Exercise requirements = From the line containing "Bi 986911K bi tê Fosid" to the line containing "1318 Fletcher Road" in the records below, set down every line exactly as it stands, both ends included, and skip the pictures.

Data supplied =
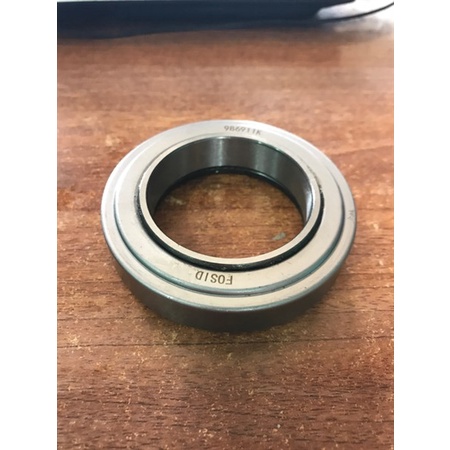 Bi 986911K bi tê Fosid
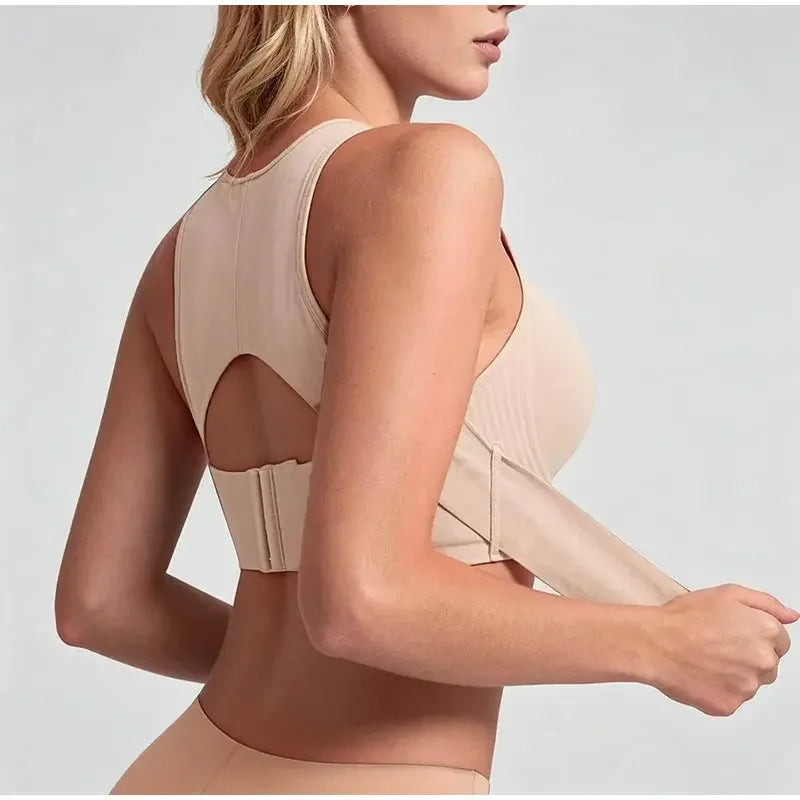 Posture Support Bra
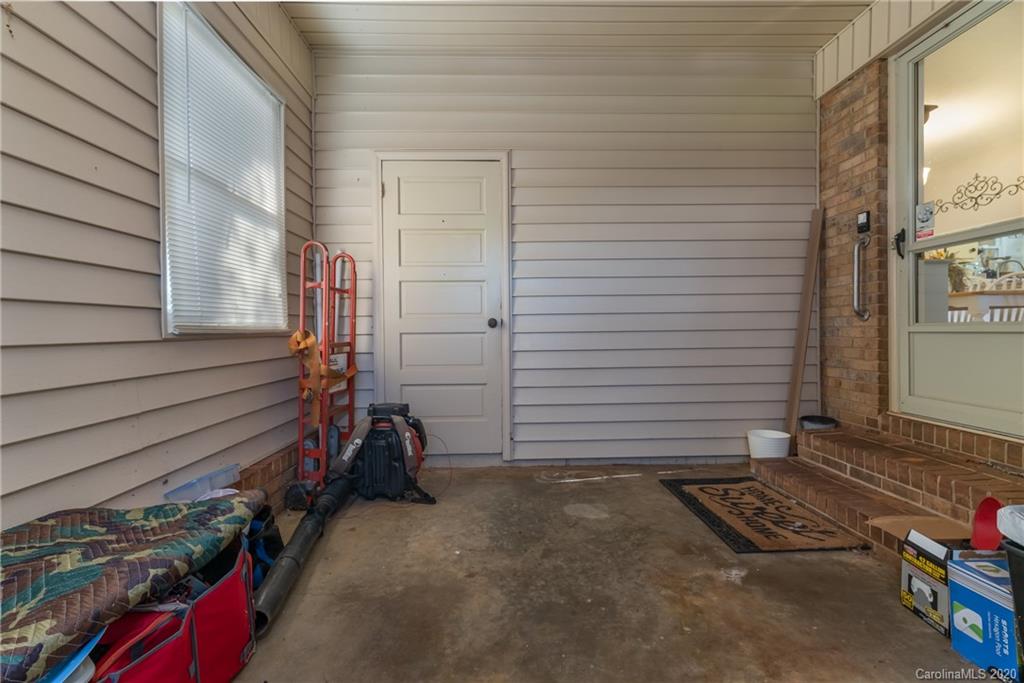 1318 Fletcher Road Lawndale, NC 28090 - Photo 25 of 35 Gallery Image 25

---

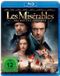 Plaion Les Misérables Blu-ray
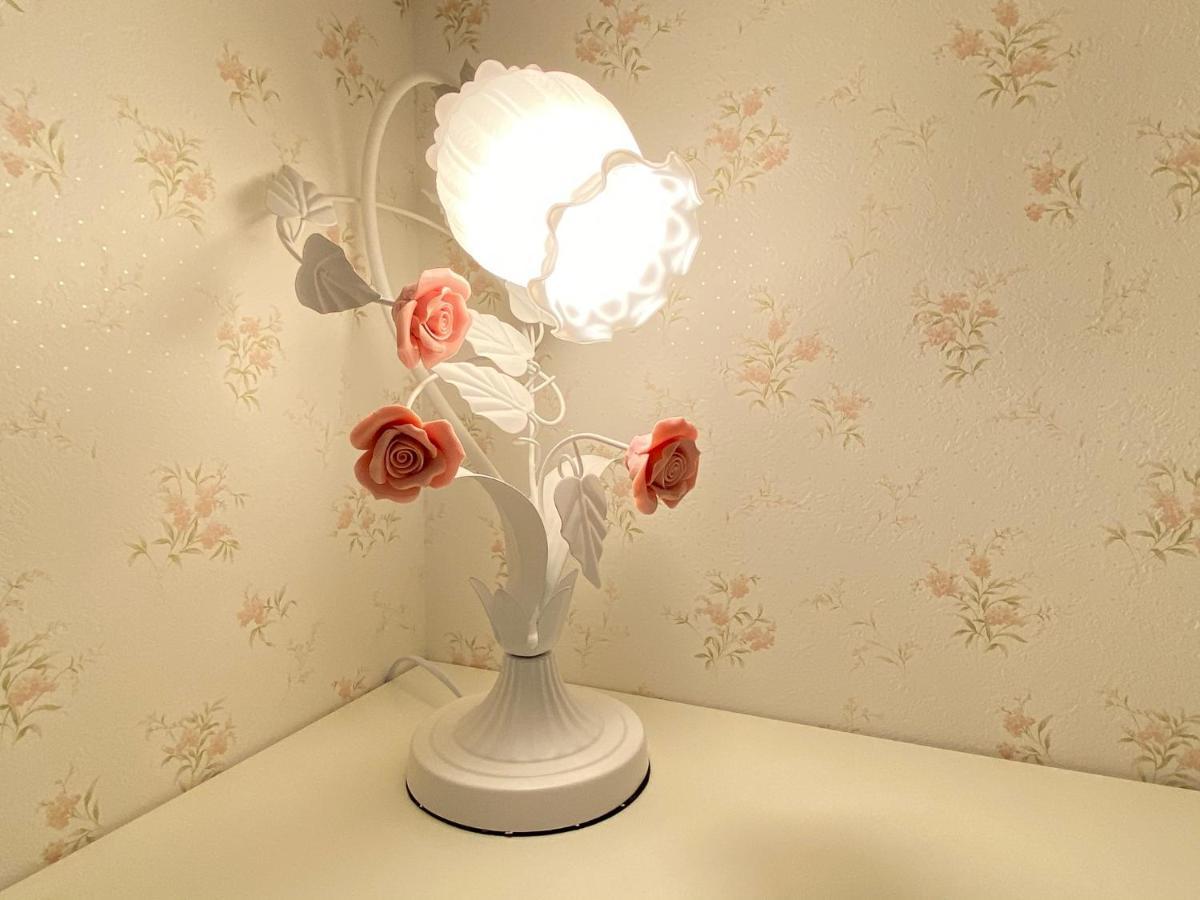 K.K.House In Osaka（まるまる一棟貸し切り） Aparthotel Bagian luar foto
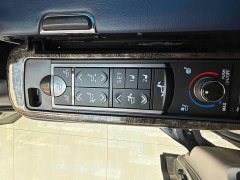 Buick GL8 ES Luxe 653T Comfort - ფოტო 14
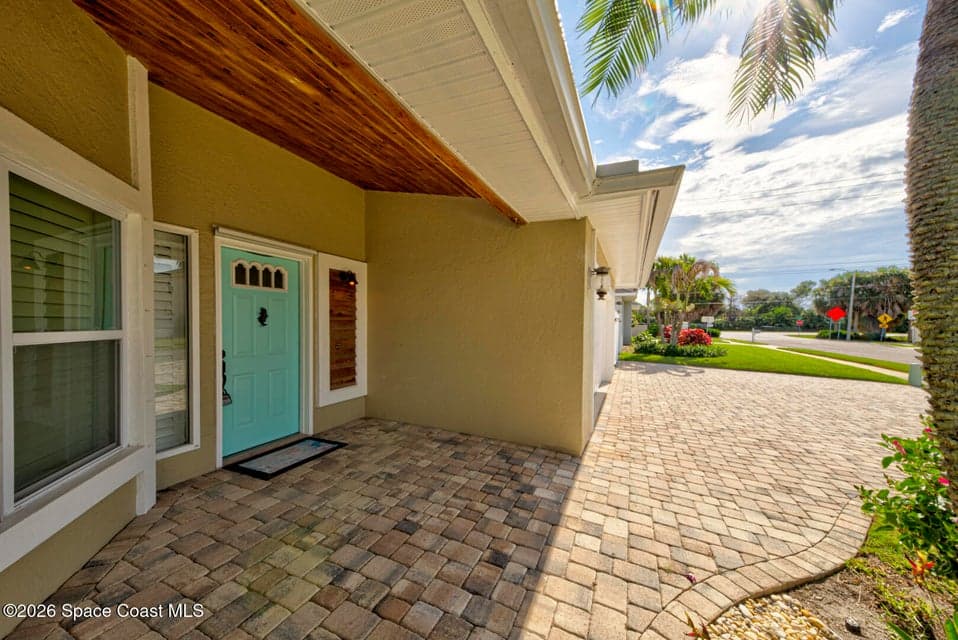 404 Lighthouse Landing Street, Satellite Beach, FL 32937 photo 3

--

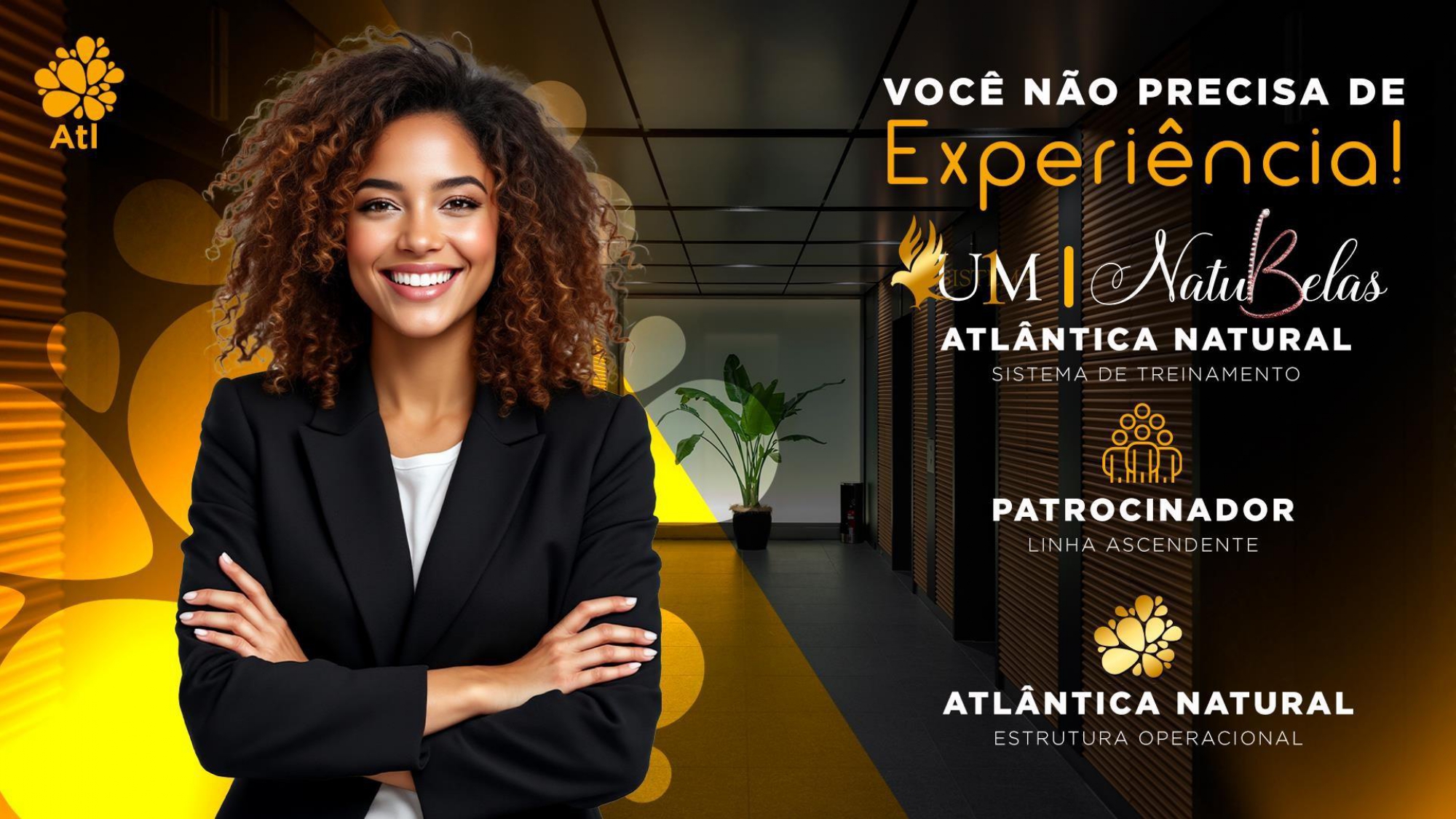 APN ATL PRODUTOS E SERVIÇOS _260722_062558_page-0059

Response =
 Bi 986911K bi tê Fosid
 Posture Support Bra
 1318 Fletcher Road Lawndale, NC 28090 - Photo 25 of 35 Gallery Image 25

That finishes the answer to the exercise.